Using a foeder in your brewery requires finesse and ingenuity — but first, you have to get it through the door. Deyo’s firefighting skills come into play when it’s time to move one of the 2,500-pound giants. “I’m a technical rescue technician, so I’m trained in rope rescue, confined spaces and structural collapse. All these things that involve lifting and moving big, heavy objects have come in handy when moving new tanks and tilting them up.” His hazmat training helps him manage the brewery’s tank-cleaning chemicals, and experience on the firetrucks gives him a working knowledge of plumbing and pumps. And knowing how to navigate through the red tape at city hall was definitely helpful when Deyo first opened the brewery with co-founder Mike Goldfuss in 2014.
Deyo and Goldfuss have been best friends ever since they met as high school freshmen in Southlake. “We got in trouble together,” Deyo recalls. “It was not cool trouble. We were dorks, and we just irritated our teachers.” He often traveled to Fort Worth for meetings of the Young Magicians Club and to hang out on Magnolia Avenue. After college together, Goldfuss took a job in New York and an interest in microbrews. Soon Deyo started sipping craft beers as well. “I’m the kind of person that wants to know all about what I’m doing,” he says. “I tend to obsess over whatever I’m learning at that point, and learning about the beer was the next logical step to drinking it. Then after that, I had to homebrew.” The two friends began homebrewing together whenever Goldfuss would visit.
“[Homebrewing] is like small-scale manufacturing,” Deyo explains. “It’s really expressive but can be super technical. If you like machinery and gadgets and hard numbers and using science to make something beautiful, it’s a really cool hobby. And it’s as deep a rabbit hole as you want to go. I love gadgets and building things, so that’s what attracted me to it. And the beer,” he admits. “It’s nice to have beer at the end of it.” A fortuitous trip to Denver’s Great American Beer Festival spawned the friends’ idea for The Collective Brewing Project. “We had a blast. We were very deep into enjoying ourselves and were like: ‘We have to do this.’” What began as a beer-fueled fantasy became real enough three months later when Goldfuss quit his New York job and moved back to Texas to launch the brewery.

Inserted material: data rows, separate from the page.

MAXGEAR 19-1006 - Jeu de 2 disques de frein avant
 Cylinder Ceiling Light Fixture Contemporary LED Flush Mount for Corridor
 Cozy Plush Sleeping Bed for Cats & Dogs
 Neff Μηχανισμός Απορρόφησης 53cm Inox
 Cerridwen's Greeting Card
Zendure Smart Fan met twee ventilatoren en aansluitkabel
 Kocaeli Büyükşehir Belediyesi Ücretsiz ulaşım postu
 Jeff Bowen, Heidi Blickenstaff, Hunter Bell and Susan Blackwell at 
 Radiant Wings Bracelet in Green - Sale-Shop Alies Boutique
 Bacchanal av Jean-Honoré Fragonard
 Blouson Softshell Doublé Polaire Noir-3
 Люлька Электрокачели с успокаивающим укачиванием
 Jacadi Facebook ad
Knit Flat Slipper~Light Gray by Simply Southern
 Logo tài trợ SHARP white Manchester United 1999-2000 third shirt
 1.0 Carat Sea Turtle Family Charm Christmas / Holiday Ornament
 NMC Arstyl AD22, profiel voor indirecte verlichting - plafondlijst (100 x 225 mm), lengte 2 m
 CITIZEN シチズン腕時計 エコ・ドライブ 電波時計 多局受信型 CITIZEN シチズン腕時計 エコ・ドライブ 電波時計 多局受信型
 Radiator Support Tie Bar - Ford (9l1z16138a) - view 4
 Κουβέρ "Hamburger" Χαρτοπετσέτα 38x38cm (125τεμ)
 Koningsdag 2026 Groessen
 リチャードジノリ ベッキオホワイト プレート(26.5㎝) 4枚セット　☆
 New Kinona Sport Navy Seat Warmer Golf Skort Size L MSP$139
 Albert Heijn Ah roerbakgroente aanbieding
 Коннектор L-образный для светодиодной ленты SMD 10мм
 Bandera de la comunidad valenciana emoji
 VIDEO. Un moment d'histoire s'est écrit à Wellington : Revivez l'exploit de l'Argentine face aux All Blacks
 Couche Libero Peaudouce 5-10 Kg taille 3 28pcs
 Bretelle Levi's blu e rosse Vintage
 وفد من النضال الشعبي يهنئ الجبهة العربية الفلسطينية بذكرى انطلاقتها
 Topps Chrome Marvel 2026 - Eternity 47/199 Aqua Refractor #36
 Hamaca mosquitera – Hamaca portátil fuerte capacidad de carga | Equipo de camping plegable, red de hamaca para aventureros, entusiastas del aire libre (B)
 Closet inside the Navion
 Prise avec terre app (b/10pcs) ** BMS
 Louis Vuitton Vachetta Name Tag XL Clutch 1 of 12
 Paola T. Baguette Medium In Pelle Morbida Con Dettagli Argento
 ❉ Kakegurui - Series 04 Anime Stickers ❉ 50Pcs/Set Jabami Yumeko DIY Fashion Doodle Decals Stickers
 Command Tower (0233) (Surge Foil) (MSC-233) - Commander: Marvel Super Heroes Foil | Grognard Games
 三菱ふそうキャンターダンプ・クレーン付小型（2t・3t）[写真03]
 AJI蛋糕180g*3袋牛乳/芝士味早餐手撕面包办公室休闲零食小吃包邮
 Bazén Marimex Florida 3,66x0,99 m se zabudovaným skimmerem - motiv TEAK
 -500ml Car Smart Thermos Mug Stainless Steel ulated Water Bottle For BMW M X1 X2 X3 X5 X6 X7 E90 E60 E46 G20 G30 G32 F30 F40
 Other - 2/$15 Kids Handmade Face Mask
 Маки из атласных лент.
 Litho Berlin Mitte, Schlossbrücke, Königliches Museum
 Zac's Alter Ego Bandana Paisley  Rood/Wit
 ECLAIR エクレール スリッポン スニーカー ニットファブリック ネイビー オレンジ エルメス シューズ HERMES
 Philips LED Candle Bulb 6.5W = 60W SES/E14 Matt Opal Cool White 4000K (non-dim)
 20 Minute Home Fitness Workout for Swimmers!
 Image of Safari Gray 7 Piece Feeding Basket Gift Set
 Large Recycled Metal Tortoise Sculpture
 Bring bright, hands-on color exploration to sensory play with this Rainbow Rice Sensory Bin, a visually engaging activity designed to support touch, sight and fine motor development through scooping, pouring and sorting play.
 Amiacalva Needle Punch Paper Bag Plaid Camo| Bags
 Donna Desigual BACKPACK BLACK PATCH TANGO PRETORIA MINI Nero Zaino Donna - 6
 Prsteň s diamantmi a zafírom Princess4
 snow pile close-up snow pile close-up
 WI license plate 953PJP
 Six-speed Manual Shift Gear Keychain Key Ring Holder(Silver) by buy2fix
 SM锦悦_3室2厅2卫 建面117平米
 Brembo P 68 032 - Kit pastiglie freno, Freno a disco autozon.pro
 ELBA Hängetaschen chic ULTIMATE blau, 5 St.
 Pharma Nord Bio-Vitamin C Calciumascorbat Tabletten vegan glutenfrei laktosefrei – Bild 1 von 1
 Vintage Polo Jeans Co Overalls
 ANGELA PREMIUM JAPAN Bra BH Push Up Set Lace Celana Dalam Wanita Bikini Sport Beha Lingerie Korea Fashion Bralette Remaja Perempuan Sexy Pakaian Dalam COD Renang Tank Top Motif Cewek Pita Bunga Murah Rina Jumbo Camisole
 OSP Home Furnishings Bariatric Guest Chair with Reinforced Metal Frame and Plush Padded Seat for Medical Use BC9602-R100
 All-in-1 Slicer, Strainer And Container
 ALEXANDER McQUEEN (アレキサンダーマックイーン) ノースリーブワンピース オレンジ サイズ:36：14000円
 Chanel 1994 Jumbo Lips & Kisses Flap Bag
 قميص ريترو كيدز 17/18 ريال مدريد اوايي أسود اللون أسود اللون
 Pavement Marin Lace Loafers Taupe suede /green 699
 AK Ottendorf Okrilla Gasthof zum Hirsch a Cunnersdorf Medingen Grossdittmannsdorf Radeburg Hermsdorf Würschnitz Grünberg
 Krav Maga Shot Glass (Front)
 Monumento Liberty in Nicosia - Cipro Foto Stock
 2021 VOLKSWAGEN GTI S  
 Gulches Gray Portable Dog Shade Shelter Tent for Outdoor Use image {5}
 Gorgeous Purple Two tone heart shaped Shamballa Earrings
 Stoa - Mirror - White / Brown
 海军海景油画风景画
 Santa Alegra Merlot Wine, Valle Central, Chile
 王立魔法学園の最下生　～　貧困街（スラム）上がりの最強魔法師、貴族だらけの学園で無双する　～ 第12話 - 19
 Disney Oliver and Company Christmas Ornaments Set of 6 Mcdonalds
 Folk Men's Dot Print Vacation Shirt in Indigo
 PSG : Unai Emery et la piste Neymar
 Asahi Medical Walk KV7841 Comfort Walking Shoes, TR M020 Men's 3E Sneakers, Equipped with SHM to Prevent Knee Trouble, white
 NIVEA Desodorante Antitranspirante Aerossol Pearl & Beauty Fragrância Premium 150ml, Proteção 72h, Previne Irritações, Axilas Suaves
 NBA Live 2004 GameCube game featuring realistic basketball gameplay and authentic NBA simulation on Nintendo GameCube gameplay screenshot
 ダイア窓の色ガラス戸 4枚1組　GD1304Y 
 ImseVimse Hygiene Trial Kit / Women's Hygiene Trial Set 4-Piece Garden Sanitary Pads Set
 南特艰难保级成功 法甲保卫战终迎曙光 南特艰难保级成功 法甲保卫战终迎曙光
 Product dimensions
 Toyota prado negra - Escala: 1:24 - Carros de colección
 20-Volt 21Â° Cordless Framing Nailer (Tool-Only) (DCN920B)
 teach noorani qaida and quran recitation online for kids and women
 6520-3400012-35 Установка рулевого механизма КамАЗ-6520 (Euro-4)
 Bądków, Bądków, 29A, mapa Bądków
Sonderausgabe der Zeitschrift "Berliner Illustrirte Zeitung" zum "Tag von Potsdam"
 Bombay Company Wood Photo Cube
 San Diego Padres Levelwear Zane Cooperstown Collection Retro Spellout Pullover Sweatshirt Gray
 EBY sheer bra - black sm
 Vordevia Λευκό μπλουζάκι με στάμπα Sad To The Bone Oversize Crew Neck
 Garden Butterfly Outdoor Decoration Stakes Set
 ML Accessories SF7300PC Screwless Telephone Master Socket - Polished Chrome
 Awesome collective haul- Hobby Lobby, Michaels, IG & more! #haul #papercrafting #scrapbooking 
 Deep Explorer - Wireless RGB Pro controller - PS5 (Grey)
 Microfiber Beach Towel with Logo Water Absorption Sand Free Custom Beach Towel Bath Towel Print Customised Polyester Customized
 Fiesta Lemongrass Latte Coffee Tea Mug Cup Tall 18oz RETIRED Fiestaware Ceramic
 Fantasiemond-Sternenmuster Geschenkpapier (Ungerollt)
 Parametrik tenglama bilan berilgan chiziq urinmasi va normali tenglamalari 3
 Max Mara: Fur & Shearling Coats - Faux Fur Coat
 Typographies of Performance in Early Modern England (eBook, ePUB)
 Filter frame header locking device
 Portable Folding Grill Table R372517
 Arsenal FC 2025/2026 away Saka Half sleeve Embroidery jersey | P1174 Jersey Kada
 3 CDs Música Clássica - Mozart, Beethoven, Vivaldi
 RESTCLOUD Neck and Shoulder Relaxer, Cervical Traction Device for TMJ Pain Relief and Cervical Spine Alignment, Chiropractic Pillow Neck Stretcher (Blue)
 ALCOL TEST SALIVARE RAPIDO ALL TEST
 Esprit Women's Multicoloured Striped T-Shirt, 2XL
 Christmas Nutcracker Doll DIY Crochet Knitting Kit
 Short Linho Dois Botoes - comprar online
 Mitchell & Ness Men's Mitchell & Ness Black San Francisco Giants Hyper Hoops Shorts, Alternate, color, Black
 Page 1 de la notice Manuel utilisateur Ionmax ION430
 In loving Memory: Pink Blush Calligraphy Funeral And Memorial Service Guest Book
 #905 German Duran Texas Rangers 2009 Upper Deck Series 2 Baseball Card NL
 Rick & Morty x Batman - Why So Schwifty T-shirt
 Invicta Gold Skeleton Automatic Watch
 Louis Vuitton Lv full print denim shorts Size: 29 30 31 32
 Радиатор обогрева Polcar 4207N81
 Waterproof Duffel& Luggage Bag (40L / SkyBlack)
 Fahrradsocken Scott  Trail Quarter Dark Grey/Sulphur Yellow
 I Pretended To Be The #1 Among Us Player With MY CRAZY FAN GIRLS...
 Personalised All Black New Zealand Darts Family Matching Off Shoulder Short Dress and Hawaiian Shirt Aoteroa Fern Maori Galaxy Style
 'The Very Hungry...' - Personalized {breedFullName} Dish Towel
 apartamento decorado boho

The two volunteered at Martin House Brewing Company to learn the ropes from Cody Martin and David Wedemeier. “We went to this homebrewing event and [Cody] and David were pouring beers, and we pretty much forced ourselves on those two guys,” Deyo says. He offered to work at Martin House for free, and he did. He took out the trash and cleaned the bathrooms while learning how to operate the industrial machinery — and discovering just how much work it is to run a startup brewery.
Construction on his own brewery began, and after a “long summer of sweating,” The Collective Brewing Project opened its doors. “We built most of this ourselves,” says Deyo. “There have been all sorts of surprises … things that you didn’t think could break will break. But ultimately, each struggle is mine, which makes it better, if that makes sense.”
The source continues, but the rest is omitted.